What is EasyOCR?

It is used for OCR.
EasyOCR is used as easyocr.Reader(lang_list, gpu, model_storagedirectory, download_enabled, user_network_directory, recog_network, detector, recognizer) where,

lang_list(list) : List of language code you want to recognize, for example [‘ko’,’en’]. You can see the list of language codes here.
gpu(bool, string, default=True) : enable GPU
model_storagedirectory(string, default=None) : Path to directory for model data. If not specified, models will be read from a directory as defined by the environment variable EASYOCR_MODULE_PATH (preferred), MODULE_PATH (if defined), or ~/.EasyOCR/.
download_enabled(bool, default=True) : Enable download if EasyOCR is not able locate model files.
user_network_directory(bool, default=None) : Path to user-defined recognition network. If not specified, models will be read from MODULE_PATH + ‘/user_network’ (~/.EasyOCR/user_network).
recog_network(string, default=’standard’) : Instead of standard mode, you can choose your own recognition network.
detector(bool, default=True) : Load detection model into memory. Default = True
recognizer(bool, default=True) : Load recognition model into memory. Default = True

Methods of EasyOCR

Reader.readtext(image, decoder, beamWidth, bath_size, workers, allowlist, blocklist, detail, paragraph, min_size, rotation_info, contrast_ths, adjust_contrast, text_threshold, low_text, link_threshold, canvas_size, mag_ratio, slope_ths, ycenter_ths, height_ths, width_ths, add_margin, x_ths, y_ths) -> list of result

Main method for Reader object. It returns a list of result.

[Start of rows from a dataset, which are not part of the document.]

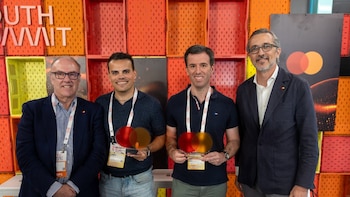 Stamp y Humanos, ganadoras de Mastercard For Fintechs Iberia 2026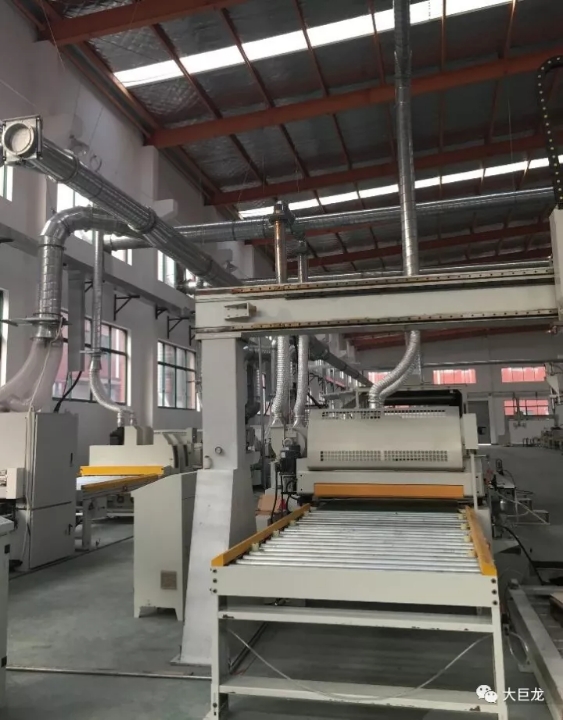 大巨龍地板科技領先行業,推動行業發展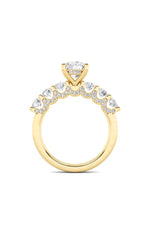 Load image into Gallery viewer, 2.5CTW Round Shaped Lab Grown Diamond (F/VS) Accented Double Halo Set of Band and  Ring in 14K Gold

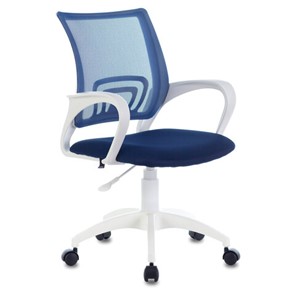 Компьютерное кресло Brabix Fly MG-396W (с подлокотниками, пластик белый, сетка, темно-синее) 532399 в Пскове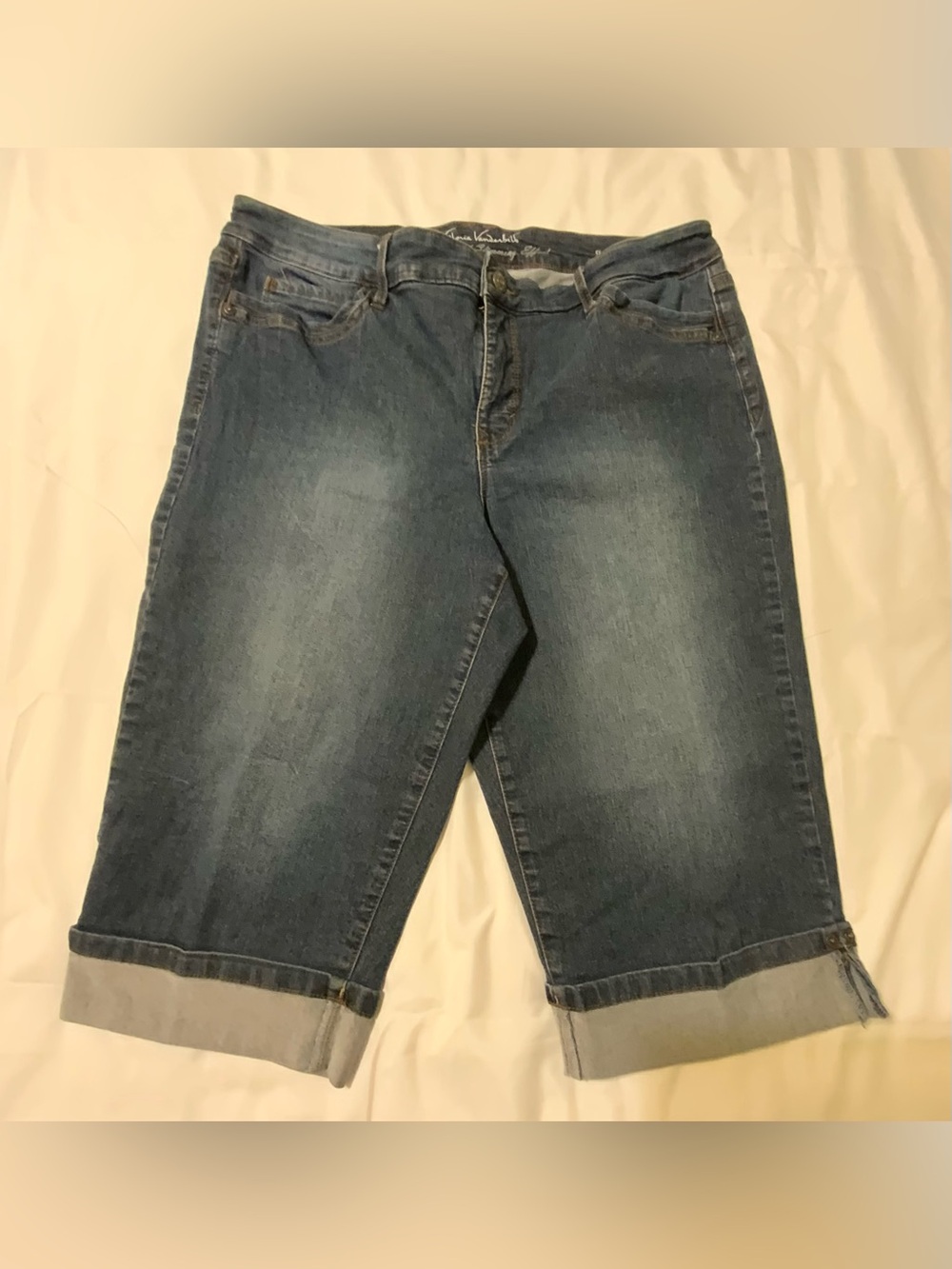 Gloria Vanderbilt Missy All-Around Slimming Effect Skimmer Medium Wash Cuffed 14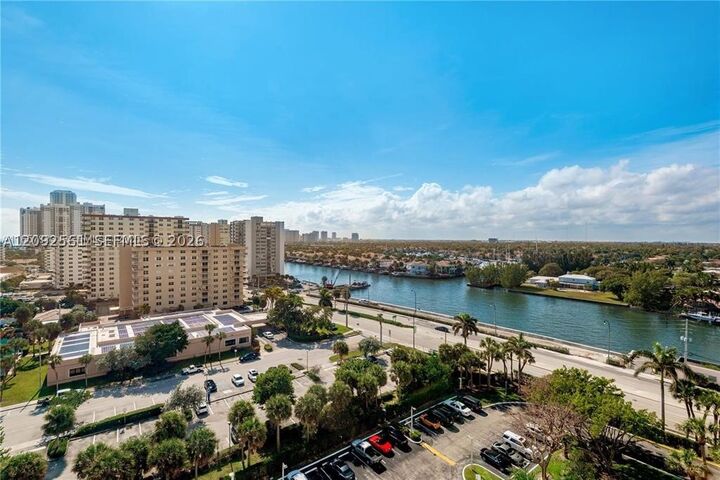 Property Photo: 1201 S Ocean Dr 1206S FL 33019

image(string, numpy array, byte) : Input image
decoder(string, default=’greedy’) : options are ‘greedy’, ‘beamsearch’ and ‘wordbeamsearch’.
beamWidth(int, default=5) : How many beam to keep when decoder = ‘beamsearch’ or ‘wordbeamsearch’. Default = 5
bath_size(int, default=1) : batch_size>1 will make EasyOCR faster but use more memory.
workers(int, default=0) : Number thread used in of dataloader.
allowlist(string, default=None) : Force EasyOCR to recognize only subset of characters.
blocklist(string, default=None) : Block subset of character. This argument will be ignored if allowlist is given.
detail(int, default=1) : Set this to 0 for simple output.
paragraph(bool, default=False) : Combine result into paragraph.
min_size(int, default=10) : Filter text box smaller than minimum value in pixel.
rotation_info(list, default=None) : Allow EasyOCR to rotate each text box and return the one with the best confident score. Eligible values are 90, 180 and 270. For example, it can be set [90, 180, 270].
contrast_ths(float, default=0.1) : Text box with contrast lower than this value will be passed into model 2 times. First is with original image and second with contrast adjusted to ‘adjust_contrast’ value. The one with more confident level will be returned as a result.
adjust_contrast(float, default=0.5) : target contrast level for low contrast text box
text_threshold(float, default=0.7) : Text confidence threshold
low_text(foat, default=0.4) : Text low-bound score
link_threshold(float, default=0.4) : Link confidence threshold
canvas_size(int, default=2560) : Maximum image size. Image bigger than this value will be resized down.
mag_ratio(float, default=1.0) : Image magnification ratio
slope_ths(float, default=0.1) : Maximum slope (delta y/delta x) to considered merging. Low value means tiled boxes will not be merged.
ycenter_ths(float, default=0.5) : Maximum shift in y direction. Boxes with different level should not be merged.
height_ths(float, default=0.5) : Maximum different in box height. Boxes with very different text size should not be merged.
width_ths(float, default=0.5) : Maximum horizontal distance to merge boxes.
add_margin(float, default=0.1) : Extend bounding boxes in all direction by certain value. This is important for language with complex script.
x_ths(float, default=1.0) : Maximum horizontal distance to merge text boxes when paragraph=True.
y_ths(float, default=0.5) : Maximum vertical distance to merge text boxes when paragraph=True.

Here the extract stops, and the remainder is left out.